== RECORD SET
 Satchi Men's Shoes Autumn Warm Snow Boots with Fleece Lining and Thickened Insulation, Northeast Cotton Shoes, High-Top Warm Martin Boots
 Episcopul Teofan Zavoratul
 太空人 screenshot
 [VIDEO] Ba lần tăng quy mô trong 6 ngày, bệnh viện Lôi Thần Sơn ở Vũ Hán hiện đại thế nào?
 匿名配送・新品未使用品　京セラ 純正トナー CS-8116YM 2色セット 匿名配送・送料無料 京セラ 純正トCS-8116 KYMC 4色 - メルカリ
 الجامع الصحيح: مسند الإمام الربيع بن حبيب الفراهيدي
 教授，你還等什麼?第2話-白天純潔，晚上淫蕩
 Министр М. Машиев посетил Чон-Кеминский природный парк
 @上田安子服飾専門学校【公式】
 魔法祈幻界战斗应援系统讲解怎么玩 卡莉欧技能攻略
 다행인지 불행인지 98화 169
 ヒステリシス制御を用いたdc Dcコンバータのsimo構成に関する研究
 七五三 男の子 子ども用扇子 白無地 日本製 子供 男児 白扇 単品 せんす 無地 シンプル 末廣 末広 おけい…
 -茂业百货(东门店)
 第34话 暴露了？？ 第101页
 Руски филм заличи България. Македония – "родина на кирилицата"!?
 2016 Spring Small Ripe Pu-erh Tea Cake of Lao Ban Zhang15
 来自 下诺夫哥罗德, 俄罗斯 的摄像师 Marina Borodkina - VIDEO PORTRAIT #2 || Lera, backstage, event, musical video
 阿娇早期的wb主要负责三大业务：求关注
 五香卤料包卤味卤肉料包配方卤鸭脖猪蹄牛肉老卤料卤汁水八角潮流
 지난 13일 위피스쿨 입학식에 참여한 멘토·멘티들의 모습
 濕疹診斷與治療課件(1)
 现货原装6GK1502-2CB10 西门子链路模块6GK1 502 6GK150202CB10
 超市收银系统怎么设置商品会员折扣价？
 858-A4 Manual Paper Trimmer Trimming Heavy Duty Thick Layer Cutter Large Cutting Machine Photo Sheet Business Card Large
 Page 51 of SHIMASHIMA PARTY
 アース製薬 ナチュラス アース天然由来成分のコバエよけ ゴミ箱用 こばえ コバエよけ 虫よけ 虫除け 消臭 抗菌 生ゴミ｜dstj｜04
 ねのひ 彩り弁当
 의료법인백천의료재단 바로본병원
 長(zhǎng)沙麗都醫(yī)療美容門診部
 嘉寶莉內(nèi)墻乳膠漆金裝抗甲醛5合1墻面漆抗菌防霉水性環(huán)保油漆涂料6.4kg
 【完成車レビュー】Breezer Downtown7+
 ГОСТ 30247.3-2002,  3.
====
WHAT YOU HAVE TO DO: What is needed is an exact copy of the entries from their first line down to the line with "太空人 screenshot", that line included, and nothing beyond it.

RESULT:
 Satchi Men's Shoes Autumn Warm Snow Boots with Fleece Lining and Thickened Insulation, Northeast Cotton Shoes, High-Top Warm Martin Boots
 Episcopul Teofan Zavoratul
 太空人 screenshot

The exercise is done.